COLLECTED DATA =>
Segment Open
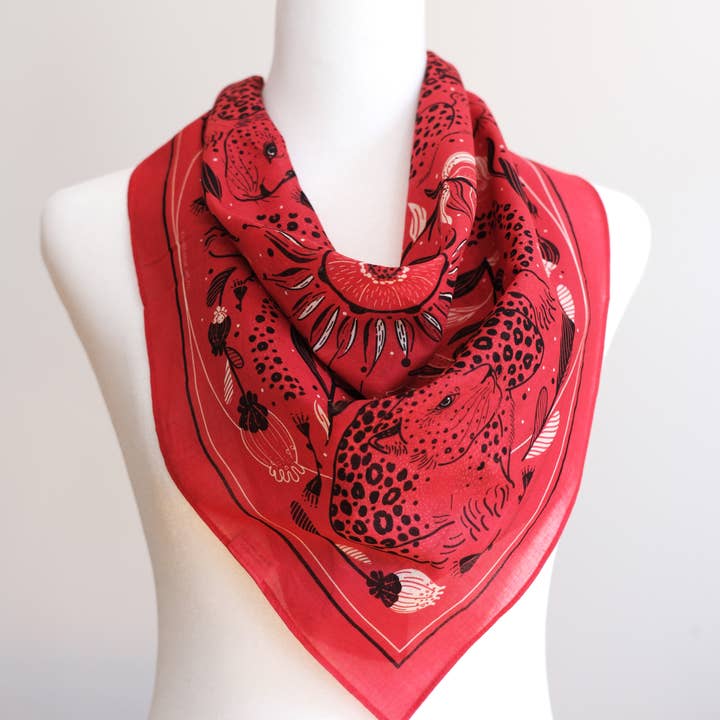Leopard, and the Sun Bandana Scarf (Red) for wholesale by sol&mar art co.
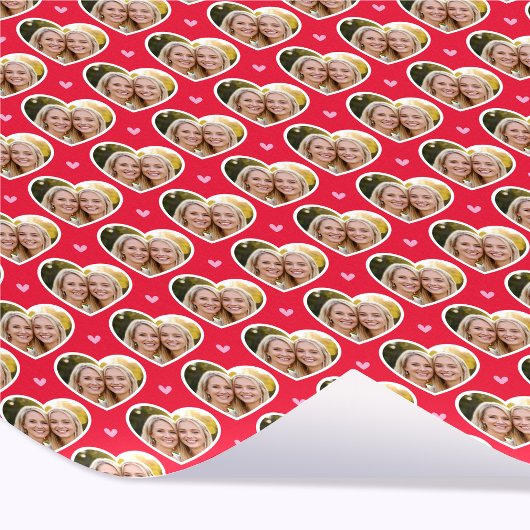 9 Photo Cute Love Heart Elegant Red Pink Pattern ラッピングペーパー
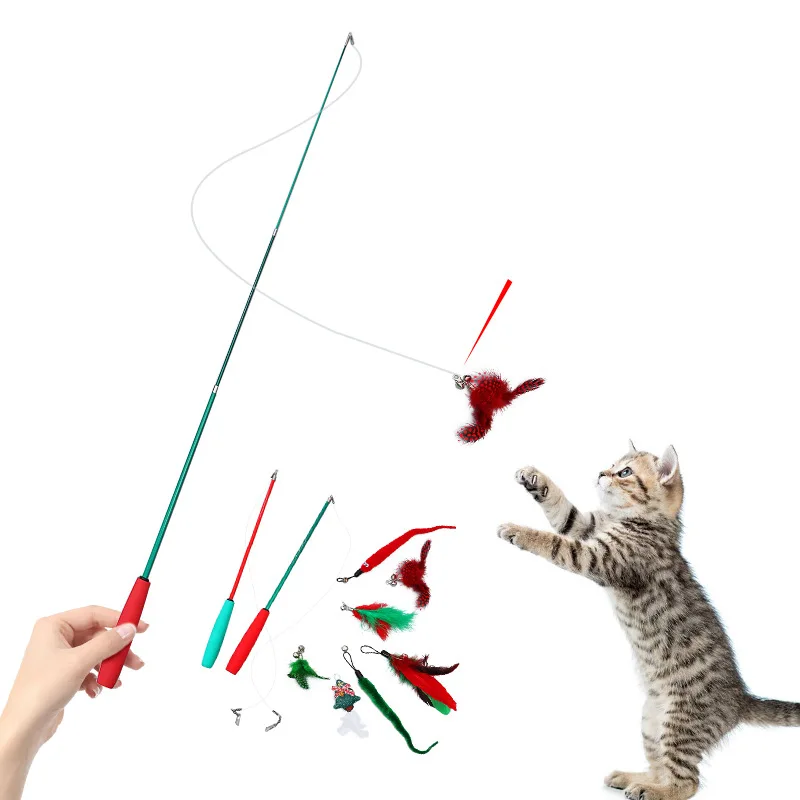 Christmas Color Three Sections Stretch Funny Cat Pole Cat Interactive Toy Three-section Retractable Funny Cat Stick 9 Suits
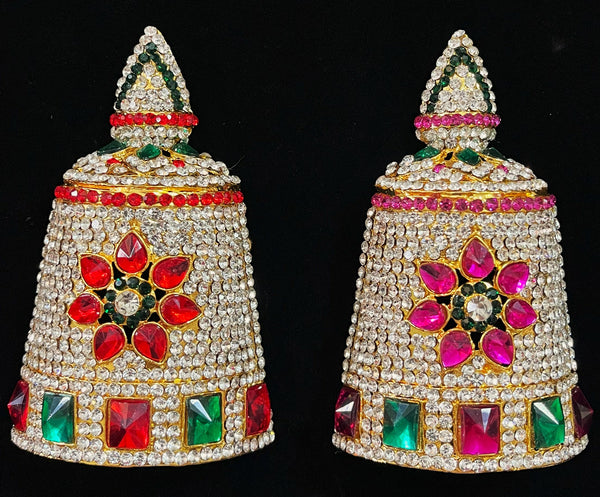 Traditional South Indian Stone-Studded Crown (Kireedam) - Pink, white & green stones on South Indian Stones metal alloy / Red, white & green stones on South Indian Stones metal alloy - Length: 4 inches, Width: 3.25 inches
Segment Closed
INSTRUCTIONS TO FOLLOW => Look above for the line with "9 Photo Cute"; quote it and every line after it, stopping after the line with "Christmas Color Three", exactly, with nothing added and without pictures.

FINAL ANSWER =>
 9 Photo Cute Love Heart Elegant Red Pink Pattern ラッピングペーパー
 Christmas Color Three Sections Stretch Funny Cat Pole Cat Interactive Toy Three-section Retractable Funny Cat Stick 9 Suits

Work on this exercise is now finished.